Re: Newbie: Problem with fork() in Tutorial ?

Post by pcmattman »

Can you add extra output function calls in between the other functions so you know where it's failing? For all we know, it may not even be faulting due to fork().
User avatar
Combuster
Member
Member
Posts: 9301
Joined: Wed Oct 18, 2006 3:45 am
Libera.chat IRC: [com]buster
Location: On the balcony, where I can actually keep 1½m distance
Contact:

Re: Newbie: Problem with fork() in Tutorial ?

Post by Combuster »

CR2=0x00000000123890ab
Anybody else thinks that's a weird number?
"Certainly avoid yourself. He is a newbie and might not realize it. You'll hate his code deeply a few years down the road." - Sortie
[ My OS ] [ VDisk/SFS ]
User avatar
NickJohnson
Member
Member
Posts: 1249
Joined: Tue Mar 24, 2009 8:11 pm
Location: Sunnyvale, California

Re: Newbie: Problem with fork() in Tutorial ?

Post by NickJohnson »

Hmm... I think that's the magic number used by fork() to distinguish the parent from the child. The weird part is that it's a magic number returned by read_eip(), but you're obviously not jumping to it to get the fault. Is this code just from the tarball on the tutorial, or did you manually copy it? If it's the latter, please post the fork() function.
Lynton
Posts: 4
Joined: Sat Jun 06, 2009 5:05 pm

Re: Newbie: Problem with fork() in Tutorial ?

Post by Lynton »

OK
I admit the code I am working with has been hacked around with very slightly but not in a way that should break anything. Eg.

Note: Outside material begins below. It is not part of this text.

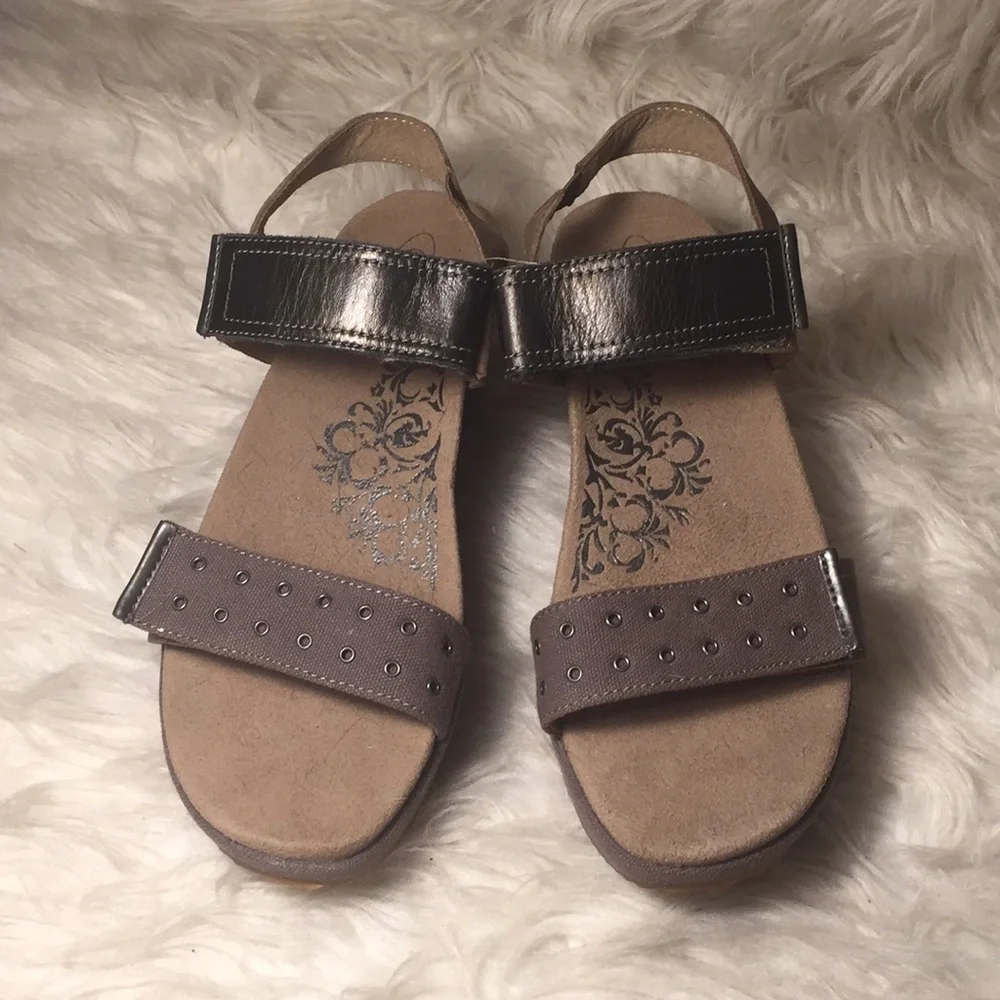 Aetrex nwot platform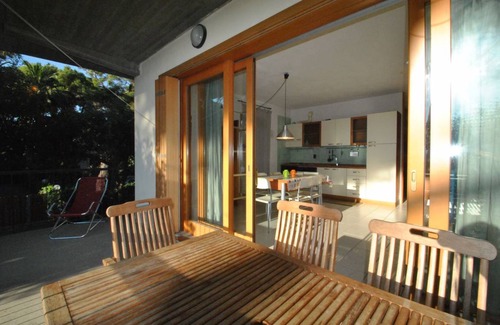 Castiglioncello Appartement | 55 m² Appartement ∙ 2 chambres ∙ 6 personnes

I have moved all the .h files to an include folder!
Just to make sure I didn't break anything though I unpacked the original user_mode.tar.gz tarball and recompiled and ran that with no problems. ie. the "Welcome to user world message" appears.
I then modified the main.c file to include the int ret=fork(); line and recompiled and straight away I get the exact same page fault without touching or moving any of the other files from the original tarball.
So.....I either have a genuine problem with fork() or my compiler is doing something weird.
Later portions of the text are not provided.